YOUR INSTRUCTIONS
Please print all the lines below exactly as they are written.

________

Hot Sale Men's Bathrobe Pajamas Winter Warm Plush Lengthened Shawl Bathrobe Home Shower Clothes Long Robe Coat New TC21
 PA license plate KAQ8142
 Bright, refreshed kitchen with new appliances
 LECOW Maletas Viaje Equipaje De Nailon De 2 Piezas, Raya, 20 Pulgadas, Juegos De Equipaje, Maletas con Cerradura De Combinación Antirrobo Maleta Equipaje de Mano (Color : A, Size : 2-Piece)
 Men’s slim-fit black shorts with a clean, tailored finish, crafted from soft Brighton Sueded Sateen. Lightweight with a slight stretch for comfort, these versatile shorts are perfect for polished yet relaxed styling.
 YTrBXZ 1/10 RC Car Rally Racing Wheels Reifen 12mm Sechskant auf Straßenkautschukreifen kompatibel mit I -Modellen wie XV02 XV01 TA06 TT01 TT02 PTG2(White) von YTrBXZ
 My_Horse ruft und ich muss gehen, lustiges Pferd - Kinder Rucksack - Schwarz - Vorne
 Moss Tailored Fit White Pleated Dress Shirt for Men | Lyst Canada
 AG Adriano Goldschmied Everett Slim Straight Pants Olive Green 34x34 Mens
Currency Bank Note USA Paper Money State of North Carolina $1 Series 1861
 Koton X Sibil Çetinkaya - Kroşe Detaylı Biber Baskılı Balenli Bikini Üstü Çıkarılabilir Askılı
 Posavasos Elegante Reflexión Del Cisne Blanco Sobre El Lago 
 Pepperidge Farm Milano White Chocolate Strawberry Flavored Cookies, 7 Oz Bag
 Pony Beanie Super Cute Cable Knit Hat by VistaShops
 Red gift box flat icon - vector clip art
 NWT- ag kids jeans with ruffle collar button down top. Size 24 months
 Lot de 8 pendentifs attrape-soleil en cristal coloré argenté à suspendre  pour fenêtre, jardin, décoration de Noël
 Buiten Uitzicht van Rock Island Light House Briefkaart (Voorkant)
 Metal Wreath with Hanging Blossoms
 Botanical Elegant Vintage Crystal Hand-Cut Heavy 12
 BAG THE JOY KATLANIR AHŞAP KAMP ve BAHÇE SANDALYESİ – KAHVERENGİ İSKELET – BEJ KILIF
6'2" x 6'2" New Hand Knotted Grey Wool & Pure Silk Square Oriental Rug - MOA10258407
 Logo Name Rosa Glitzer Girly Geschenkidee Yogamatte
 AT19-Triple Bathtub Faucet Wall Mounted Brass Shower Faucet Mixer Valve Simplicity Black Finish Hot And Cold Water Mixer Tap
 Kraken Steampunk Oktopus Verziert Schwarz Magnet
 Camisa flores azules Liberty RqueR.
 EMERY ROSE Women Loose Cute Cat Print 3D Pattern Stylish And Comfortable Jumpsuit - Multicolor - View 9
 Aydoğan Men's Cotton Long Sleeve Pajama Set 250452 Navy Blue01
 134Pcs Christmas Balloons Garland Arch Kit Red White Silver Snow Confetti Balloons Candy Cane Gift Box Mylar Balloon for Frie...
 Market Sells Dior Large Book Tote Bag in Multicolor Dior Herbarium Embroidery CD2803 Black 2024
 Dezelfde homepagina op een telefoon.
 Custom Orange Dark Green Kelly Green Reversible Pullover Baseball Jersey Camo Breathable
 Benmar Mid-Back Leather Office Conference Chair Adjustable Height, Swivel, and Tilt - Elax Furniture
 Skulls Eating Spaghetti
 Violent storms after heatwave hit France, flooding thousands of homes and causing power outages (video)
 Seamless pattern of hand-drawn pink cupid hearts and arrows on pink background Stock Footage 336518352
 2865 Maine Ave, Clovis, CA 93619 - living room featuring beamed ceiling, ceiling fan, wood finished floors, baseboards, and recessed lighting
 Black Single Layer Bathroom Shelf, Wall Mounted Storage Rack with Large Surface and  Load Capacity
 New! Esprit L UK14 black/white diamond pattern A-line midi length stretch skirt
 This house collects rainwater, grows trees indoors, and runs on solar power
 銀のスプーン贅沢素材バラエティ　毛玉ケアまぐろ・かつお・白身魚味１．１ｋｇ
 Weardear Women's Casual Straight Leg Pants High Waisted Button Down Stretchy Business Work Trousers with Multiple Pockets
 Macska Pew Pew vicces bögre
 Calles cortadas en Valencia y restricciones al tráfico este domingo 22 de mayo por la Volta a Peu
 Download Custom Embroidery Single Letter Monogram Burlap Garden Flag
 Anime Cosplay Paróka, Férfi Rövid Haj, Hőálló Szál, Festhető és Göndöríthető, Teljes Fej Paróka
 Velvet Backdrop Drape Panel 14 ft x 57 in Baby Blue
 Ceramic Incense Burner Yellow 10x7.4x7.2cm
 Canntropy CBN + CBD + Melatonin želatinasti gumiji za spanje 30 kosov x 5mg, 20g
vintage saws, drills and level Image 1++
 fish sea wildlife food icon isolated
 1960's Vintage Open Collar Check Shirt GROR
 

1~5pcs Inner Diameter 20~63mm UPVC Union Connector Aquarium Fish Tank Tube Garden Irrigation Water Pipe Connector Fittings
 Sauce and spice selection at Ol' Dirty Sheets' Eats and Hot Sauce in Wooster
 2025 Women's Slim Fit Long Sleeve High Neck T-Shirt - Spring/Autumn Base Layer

________

RESULT FOR THIS EXERCISE
Hot Sale Men's Bathrobe Pajamas Winter Warm Plush Lengthened Shawl Bathrobe Home Shower Clothes Long Robe Coat New TC21
 PA license plate KAQ8142
 Bright, refreshed kitchen with new appliances
 LECOW Maletas Viaje Equipaje De Nailon De 2 Piezas, Raya, 20 Pulgadas, Juegos De Equipaje, Maletas con Cerradura De Combinación Antirrobo Maleta Equipaje de Mano (Color : A, Size : 2-Piece)
 Men’s slim-fit black shorts with a clean, tailored finish, crafted from soft Brighton Sueded Sateen. Lightweight with a slight stretch for comfort, these versatile shorts are perfect for polished yet relaxed styling.
 YTrBXZ 1/10 RC Car Rally Racing Wheels Reifen 12mm Sechskant auf Straßenkautschukreifen kompatibel mit I -Modellen wie XV02 XV01 TA06 TT01 TT02 PTG2(White) von YTrBXZ
 My_Horse ruft und ich muss gehen, lustiges Pferd - Kinder Rucksack - Schwarz - Vorne
 Moss Tailored Fit White Pleated Dress Shirt for Men | Lyst Canada
 AG Adriano Goldschmied Everett Slim Straight Pants Olive Green 34x34 Mens
Currency Bank Note USA Paper Money State of North Carolina $1 Series 1861
 Koton X Sibil Çetinkaya - Kroşe Detaylı Biber Baskılı Balenli Bikini Üstü Çıkarılabilir Askılı
 Posavasos Elegante Reflexión Del Cisne Blanco Sobre El Lago 
 Pepperidge Farm Milano White Chocolate Strawberry Flavored Cookies, 7 Oz Bag
 Pony Beanie Super Cute Cable Knit Hat by VistaShops
 Red gift box flat icon - vector clip art
 NWT- ag kids jeans with ruffle collar button down top. Size 24 months
 Lot de 8 pendentifs attrape-soleil en cristal coloré argenté à suspendre  pour fenêtre, jardin, décoration de Noël
 Buiten Uitzicht van Rock Island Light House Briefkaart (Voorkant)
 Metal Wreath with Hanging Blossoms
 Botanical Elegant Vintage Crystal Hand-Cut Heavy 12
 BAG THE JOY KATLANIR AHŞAP KAMP ve BAHÇE SANDALYESİ – KAHVERENGİ İSKELET – BEJ KILIF
6'2" x 6'2" New Hand Knotted Grey Wool & Pure Silk Square Oriental Rug - MOA10258407
 Logo Name Rosa Glitzer Girly Geschenkidee Yogamatte
 AT19-Triple Bathtub Faucet Wall Mounted Brass Shower Faucet Mixer Valve Simplicity Black Finish Hot And Cold Water Mixer Tap
 Kraken Steampunk Oktopus Verziert Schwarz Magnet
 Camisa flores azules Liberty RqueR.
 EMERY ROSE Women Loose Cute Cat Print 3D Pattern Stylish And Comfortable Jumpsuit - Multicolor - View 9
 Aydoğan Men's Cotton Long Sleeve Pajama Set 250452 Navy Blue01
 134Pcs Christmas Balloons Garland Arch Kit Red White Silver Snow Confetti Balloons Candy Cane Gift Box Mylar Balloon for Frie...
 Market Sells Dior Large Book Tote Bag in Multicolor Dior Herbarium Embroidery CD2803 Black 2024
 Dezelfde homepagina op een telefoon.
 Custom Orange Dark Green Kelly Green Reversible Pullover Baseball Jersey Camo Breathable
 Benmar Mid-Back Leather Office Conference Chair Adjustable Height, Swivel, and Tilt - Elax Furniture
 Skulls Eating Spaghetti
 Violent storms after heatwave hit France, flooding thousands of homes and causing power outages (video)
 Seamless pattern of hand-drawn pink cupid hearts and arrows on pink background Stock Footage 336518352
 2865 Maine Ave, Clovis, CA 93619 - living room featuring beamed ceiling, ceiling fan, wood finished floors, baseboards, and recessed lighting
 Black Single Layer Bathroom Shelf, Wall Mounted Storage Rack with Large Surface and  Load Capacity
 New! Esprit L UK14 black/white diamond pattern A-line midi length stretch skirt
 This house collects rainwater, grows trees indoors, and runs on solar power
 銀のスプーン贅沢素材バラエティ　毛玉ケアまぐろ・かつお・白身魚味１．１ｋｇ
 Weardear Women's Casual Straight Leg Pants High Waisted Button Down Stretchy Business Work Trousers with Multiple Pockets
 Macska Pew Pew vicces bögre
 Calles cortadas en Valencia y restricciones al tráfico este domingo 22 de mayo por la Volta a Peu
 Download Custom Embroidery Single Letter Monogram Burlap Garden Flag
 Anime Cosplay Paróka, Férfi Rövid Haj, Hőálló Szál, Festhető és Göndöríthető, Teljes Fej Paróka
 Velvet Backdrop Drape Panel 14 ft x 57 in Baby Blue
 Ceramic Incense Burner Yellow 10x7.4x7.2cm
 Canntropy CBN + CBD + Melatonin želatinasti gumiji za spanje 30 kosov x 5mg, 20g
vintage saws, drills and level Image 1++
 fish sea wildlife food icon isolated
 1960's Vintage Open Collar Check Shirt GROR
 

1~5pcs Inner Diameter 20~63mm UPVC Union Connector Aquarium Fish Tank Tube Garden Irrigation Water Pipe Connector Fittings
 Sauce and spice selection at Ol' Dirty Sheets' Eats and Hot Sauce in Wooster
 2025 Women's Slim Fit Long Sleeve High Neck T-Shirt - Spring/Autumn Base Layer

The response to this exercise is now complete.